Retiring on Social Security alone is a pretty big mistake. The average monthly benefit these days amounts to $1,657 (that figure accounts for 2022's 5.9% cost-of-living adjustment). All told, that's just under $20,000 a year.
Even if you're willing to live frugally as a senior, you may end up needing a lot more money than that to enjoy retirement to the fullest. And so you'll need to consistently fund a savings plan to help ensure that you have extra cash to tap on top of Social Security.
When it comes to saving for retirement, it often pays to participate in a 401(k) plan if one is available to you. That's because 401(k)s come with generous annual contribution limits. And many of the employers that sponsor these plans offer matching incentives to boot.

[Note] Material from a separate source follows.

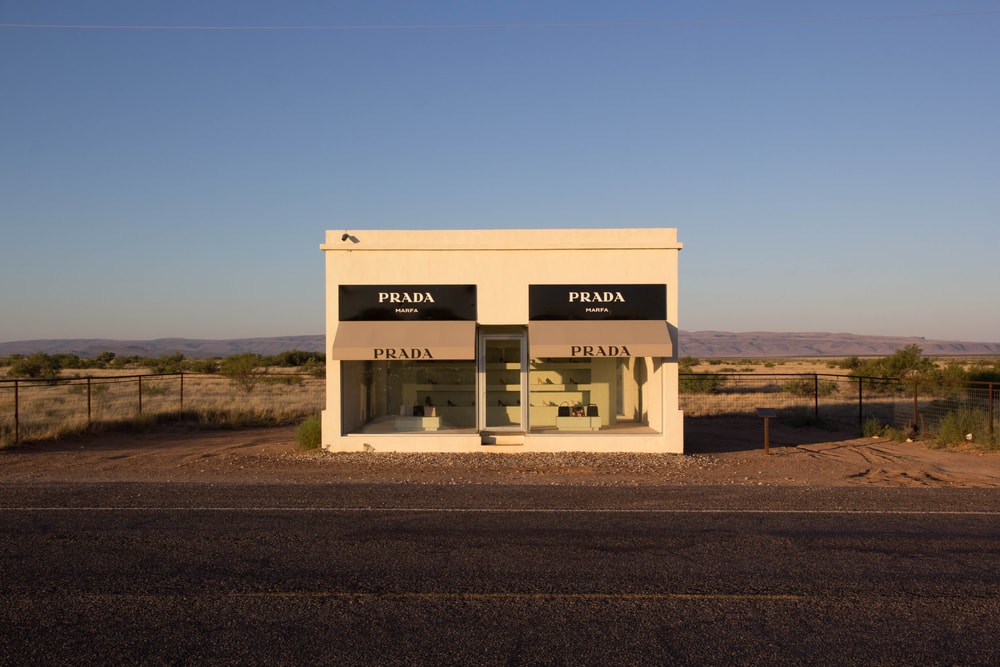 The Marfa Prada sculpture on US route 90 | © Sue Stokes/Shutterstock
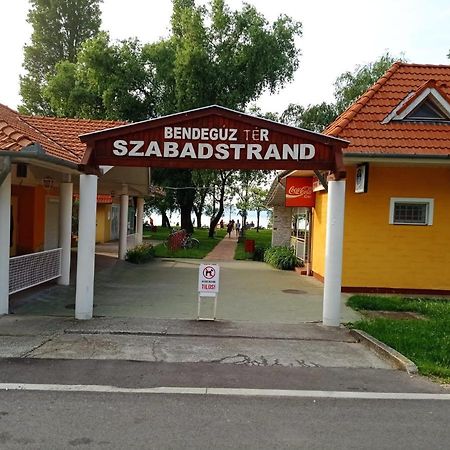 Sommer Ferienhaus Balatonszarszo Bagian luar foto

For you, that means free money toward retirement.
But while many workers opt to put their savings into a traditional 401(k), there's another option you may want to consider — a Roth 401(k). Though not every 401(k) comes with a Roth, the percentage of 401(k)s offering one grew to 86% in 2020, up from 75% in 2019 as per the Plan Sponsor Council of America. And the fact that more 401(k)s are offering a Roth is an unquestionably good thing.
The upside of a Roth 401(k)
With a traditional 401(k), the money you contribute goes in on a pre-tax basis, so you get an immediate tax break. From there, your money grows on a tax-deferred basis and withdrawals during retirement are taxable.
Roth 401(k)s work the opposite way. You don't get an immediate tax break on your contributions when you fund a Roth 401(k). But investment gains in your Roth 401(k) are tax-free, and withdrawals are tax-free during retirement.
It's the latter that could really come in handy. Once you move over to a fixed income, money could get tight. And so not having to fork over a portion of your income to the IRS could really make retirement less stressful from a financial standpoint.
Once you turn 72, you'll also need to take required minimum distributions, or RMDs, from your savings. The only way to get out of RMDs is to open a Roth IRA. And while Roth IRAs are an excellent savings tool, they do come with lower annual contribution limits and no option for an employer match.
RMDs do make it so you have to withdraw a portion of your savings each year, which means you can't keep that money invested in a tax-advantaged fashion. But if you have your savings in a Roth 401(k), your RMDs, like all withdrawals, will be tax-free. And so while those may be forced distributions, at least they won't cause a tax liability for you.
Explore your options
If you're not sure whether your 401(k) comes with a Roth savings feature, it pays to do some digging. And if your plan doesn't, talk to your employer about introducing that option. Putting money into a Roth 401(k) could give you a lot more financial flexibility during retirement — and take a load of stress off your plate later in life.